**Exercise instructions:** Restate the data exactly as given and keep the pictures out.

======== Information provided ========

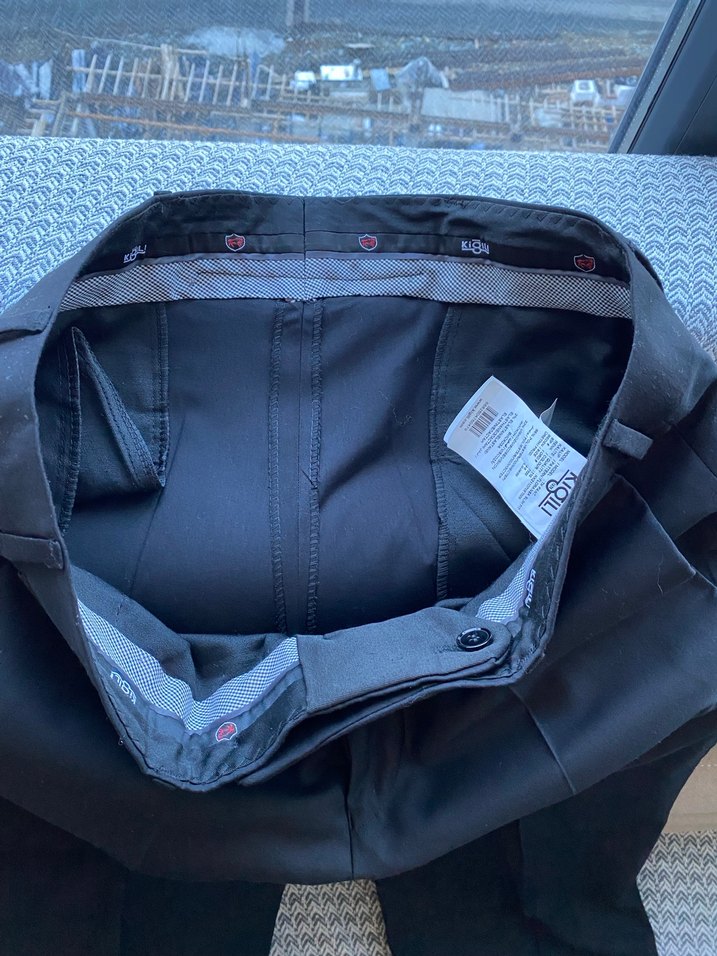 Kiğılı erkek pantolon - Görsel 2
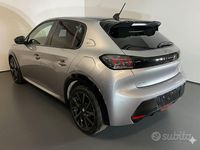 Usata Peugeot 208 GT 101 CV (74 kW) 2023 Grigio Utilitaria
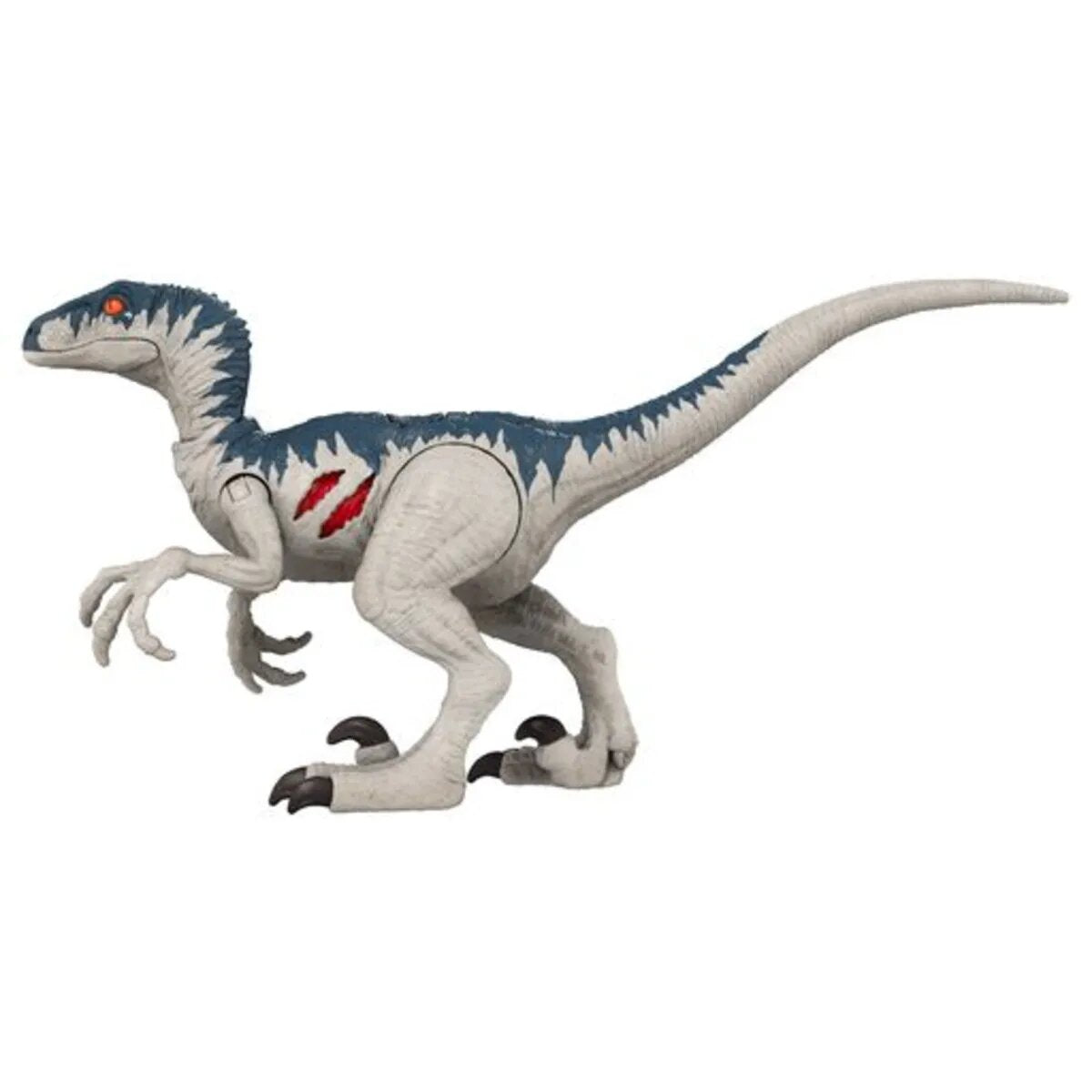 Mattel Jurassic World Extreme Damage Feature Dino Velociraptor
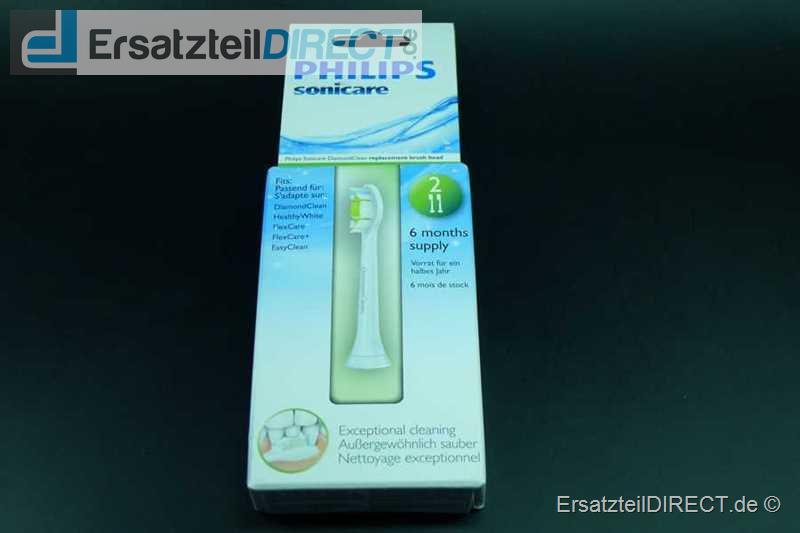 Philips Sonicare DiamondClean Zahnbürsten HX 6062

========

**Exercise result:**
 Kiğılı erkek pantolon - Görsel 2
 Usata Peugeot 208 GT 101 CV (74 kW) 2023 Grigio Utilitaria
 Mattel Jurassic World Extreme Damage Feature Dino Velociraptor
 Philips Sonicare DiamondClean Zahnbürsten HX 6062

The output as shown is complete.